_Task instructions_
The entries are to be output word for word, with the pictures omitted.

_Extracted information_
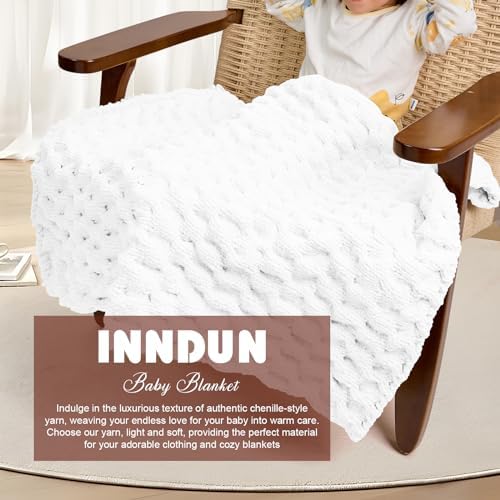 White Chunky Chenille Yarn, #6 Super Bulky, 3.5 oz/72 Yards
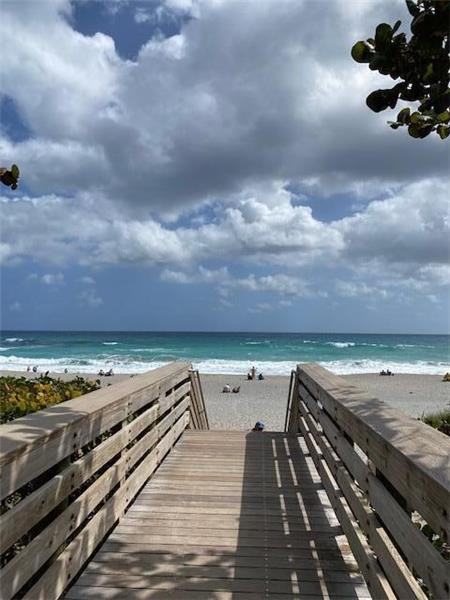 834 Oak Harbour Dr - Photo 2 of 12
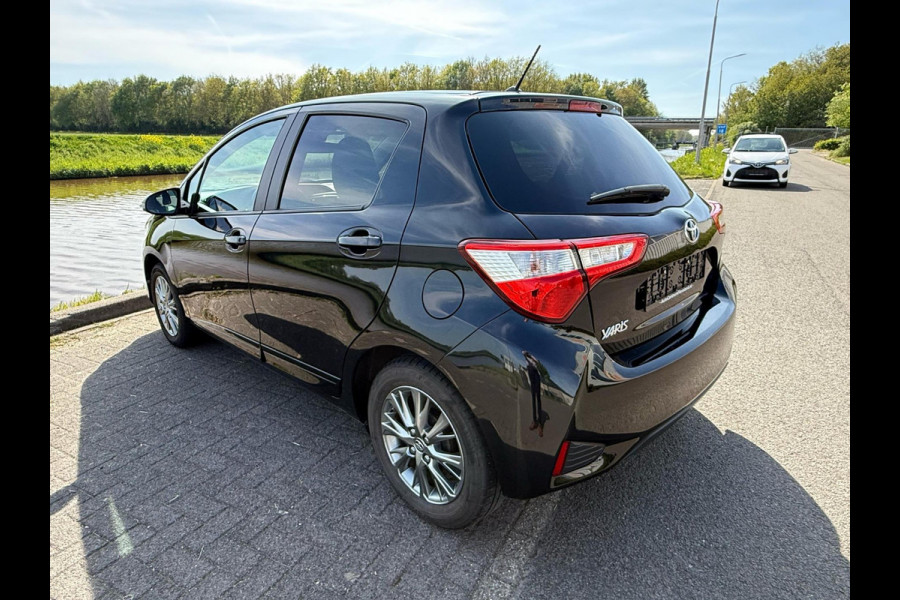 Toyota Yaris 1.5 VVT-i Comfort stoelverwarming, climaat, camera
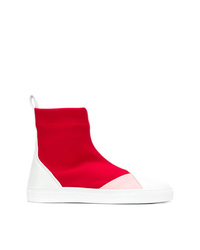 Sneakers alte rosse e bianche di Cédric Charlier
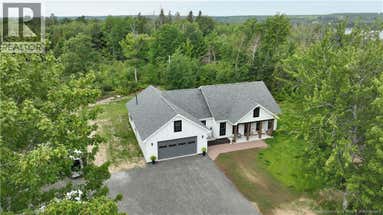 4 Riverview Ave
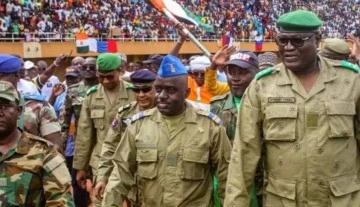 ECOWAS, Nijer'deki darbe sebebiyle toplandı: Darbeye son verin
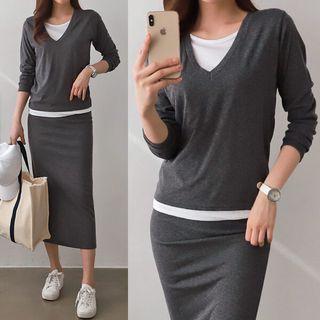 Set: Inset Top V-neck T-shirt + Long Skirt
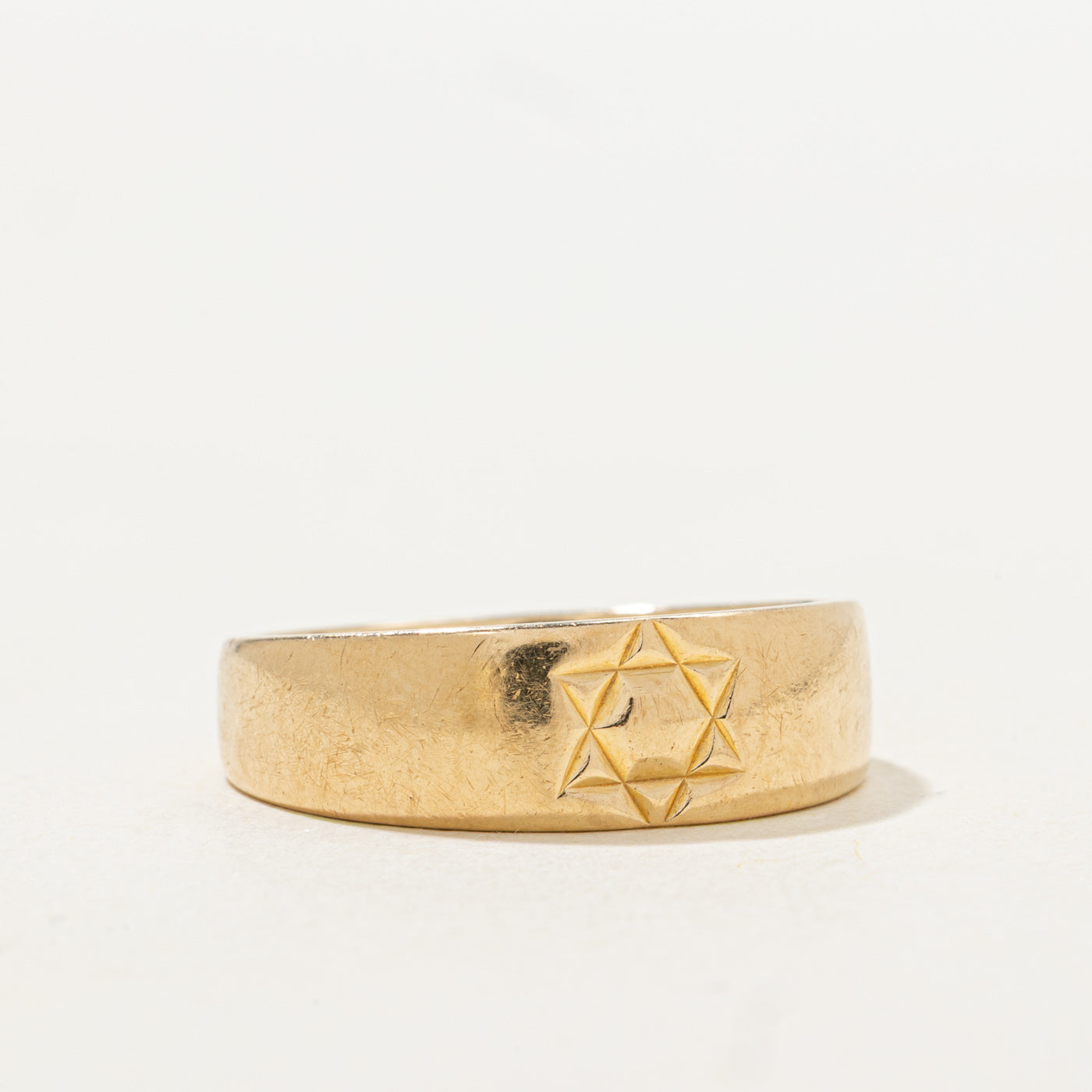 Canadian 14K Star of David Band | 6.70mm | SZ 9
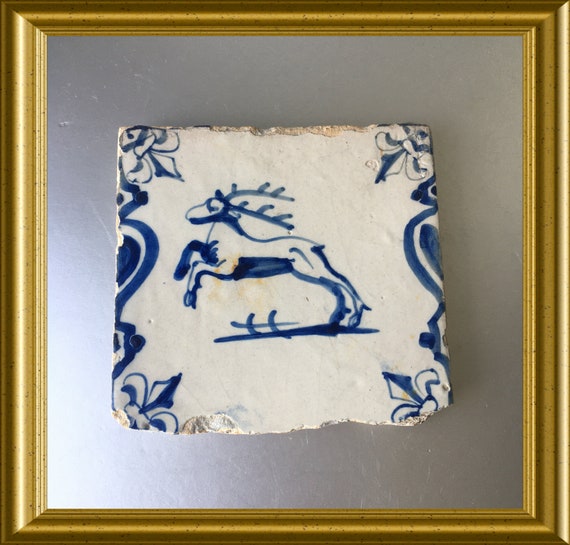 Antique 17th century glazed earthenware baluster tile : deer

_Exercise answer_
 White Chunky Chenille Yarn, #6 Super Bulky, 3.5 oz/72 Yards
 834 Oak Harbour Dr - Photo 2 of 12
 Toyota Yaris 1.5 VVT-i Comfort stoelverwarming, climaat, camera
 Sneakers alte rosse e bianche di Cédric Charlier
 4 Riverview Ave
 ECOWAS, Nijer'deki darbe sebebiyle toplandı: Darbeye son verin
 Set: Inset Top V-neck T-shirt + Long Skirt
 Canadian 14K Star of David Band | 6.70mm | SZ 9
 Antique 17th century glazed earthenware baluster tile : deer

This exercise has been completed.